Beatrix Beck avait un don incontestable de raconteuse d’histoires, révélant l’éternité, l’envie, les coups du sort, l’amour, la quête d’absolu dans un écrin étrange, et dans une langue à la fois riche et souple, leur donnant encore plus d’immensité.
Au fil du temps, on constate que Beatrix Beck médite davantage sur les usages de l’humain sur son monde, avec toujours cette fantaisie élégante et cette langue aiguisée qui explore les codes du conte traditionnel en les jouxtant à son propre imaginaire. Le royaume au pied de l’arc-en-ciel explore notamment le pouvoir du collectif et la notion de sacrifice. Nous croisons également la soif de liberté, le manque, les quêtes impalpables.

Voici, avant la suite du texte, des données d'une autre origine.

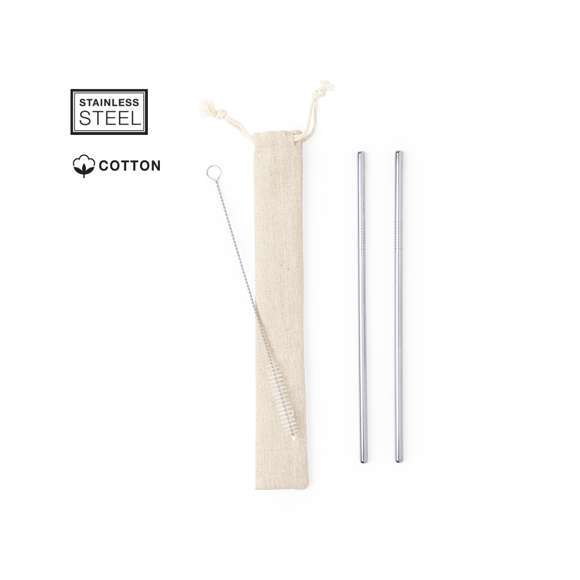 Set de 2 pajitas reutilizables en acero inoxidable. Con accesorio limpiador incluido y presentadas en bolsita de algodón natural con cuerdas autocierre.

Les cinq derniers contes sont plus malicieux avec notamment des jeux de langue absolument savoureux.
« Oncle Séraphin va me rapporter un épouvantail, dit Bergamote.
– Pas un épouvantail, répond sa mère. Un éventail.
– Un éventail pour les poux, c’est un épouvantail ? demande Bergamote.
– Ne joue pas avec les mots, conseille son père.
– Je ne risque pas, Papa. Il faut éviter les mots.
– Qu’est-ce que tu racontes ?
– C’est la maîtresse qui l’a dit. Au singulier, un mal. Au pluriel, des mots. « Les mots qui nous frappent. » C’était dans ma récitation. »
Un recueil de toute beauté, édité dans la collection Micheline et son beau papier bleu, avec les fabuleux collages et montages oniriques et chimériques de Renaud Buénerd, cofondateur des éditions du Chemin de fer, éditeur, graphiste et illustrateur.
Un recueil qui permet une belle entrée en matière dans l’oeuvre de Beatrix Beck, ou d’explorer une autre facette de son oeuvre. Des contes à glisser audacieusement dans de nombreuses mains de tous âges.
Pour en savoir plus, lisez cet article et quand vous aurez un peu de temps écoutez cet immanquable podcast des Parleuses.
L’enfant qui cherchait la petite bête
et autres contes inédits et retrouvés
Beatrix Beck
Editions du Chemin de fer
2015
112 pages
Et fouillez donc au passage le catalogue de cette maison qui regorge de pépites…!
Retrouvez les autres rdv autour des contes par ici.
Prochain rdv fin janvier autour de Big Brother…
Si vous souhaitez en savoir plus, voire même rejoindre (régulièrement ou ponctuellement) l’équipée, c’est par là.
Autrice totalement inconnue au bataillon. Et j’aime quand tu m’entraînes vers ces contrées littéraires encore à découvrir. L’édition que tu présentes a également l’avantage d’être un très beau livre d’après ce que j’en vois. Merci pour cette chouette suggestion « pas si classique » comme tu sais si bien les trouver.
Ah je suis ravie si ça te tente 🙂 Le prochain conte sera un peu plus « classique » 😉
Effectivement, un éditeur à découvrir !
J’adore aussi cette maison d’édition. D’ailleurs de cette autrice j’ai toujours dans ma pal « Stella Corfou ».
Et tu mets une française d’origine belge à l’honneur, c’est chouette 🙂
Stella Corfou est dans ma pile aussi ♥.
Je ne connaissais pas cette maison d’édition mais ton recueil de contes donne envie de la découvrir.